Booking online often feels like Roulette and it helps if you do not take yourself too seriously. In books and films, you read and see that people are overcoming great adversity. But in life, often it is the day to day difficulties that bring one to the brink of apoplectic rage, madness or some witches brew of the twain.

Convenience, lack of effort, and no time wasted are the hallmarks of Americans’ expectation when they travel, when they stay in hotels and in all that is paid for accommodation. We are a nation that is born impatient, perhaps that genetic predisposition brought us to the New World. Or perhaps these are all rubbishy cliches, not worth the digital dots and o’s they are taking up on this multimedia device.

When we stay in any American Hotel, one of two scenarios is expected if the lodging is anything above a Motel 8. Either the receipt is slipped under the door in the wee hours in a tiny envelope, all printed and nice.
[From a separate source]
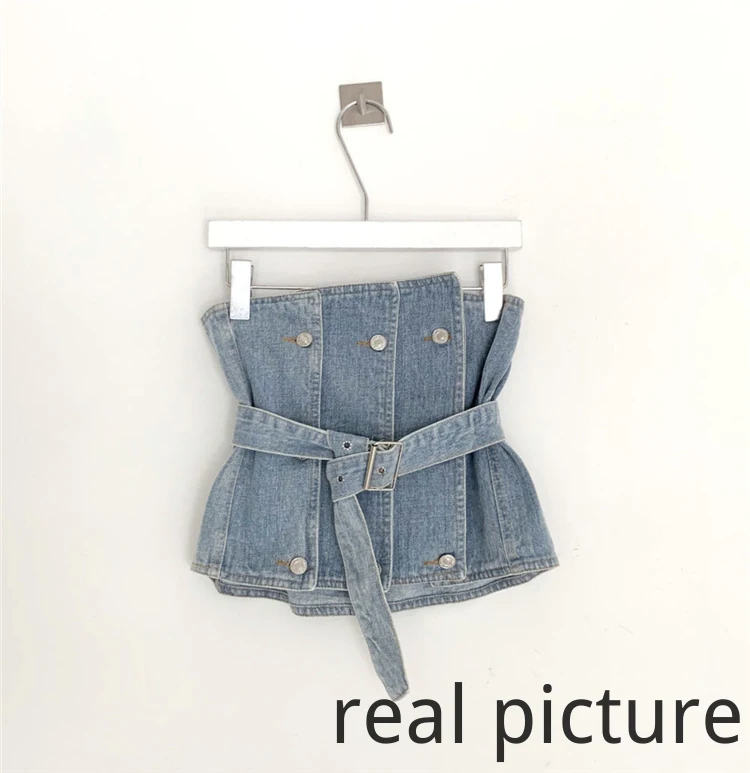 Женская летняя сексуальная рубашка без бретелек Топ с поясом джинсовый жилет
Or the ‘folio’ *(a very fancy word for a receipt, usually in a pdf format) is emailed directly to your work or home account, depending on where the lodging was booked.

 

Daniel on  train

 

For us, hospitality means simple transparent friendliness, but not overdone comeraderie. A waiter may ask if you need anything, but not interrupt the meal constantly to see how you are feeling, how the food is, or other more narcissistic, ‘them’ focussed questions. If the answer to a question is an expected compliment, then perhaps the question is unwarranted. We call this fishing for praise, and everyone can see it.

The point is, when you spend money, even your company’s money for something, you expect value for your effort and cost. Time is money, quite literally. So if you need to spend time checking out of the hotel when they already have your information and credit card on file, this is an added expense because it is a demand made on your time.

The only hotel I have stayed with in the last few years that requires that you check out in person is the SOFITEL in NY. Maybe because they are a French owned chain? It seems very unnecessary, very 20th century, and very rude.

In checking into hotels, the same is true, you expect to NEVER wait on a line if you staying at a decent hotel. At 3 star and above hotel properties notice the guests. If more than one person is waiting, a manager or other person will come over with an ipad, or invite you back to their office and simply check you in.

There is a very clear emphasis on getting the details handled with seeming effortless efficiency, even though it is pretty clear if you look beneath the surface that there is a method to it all.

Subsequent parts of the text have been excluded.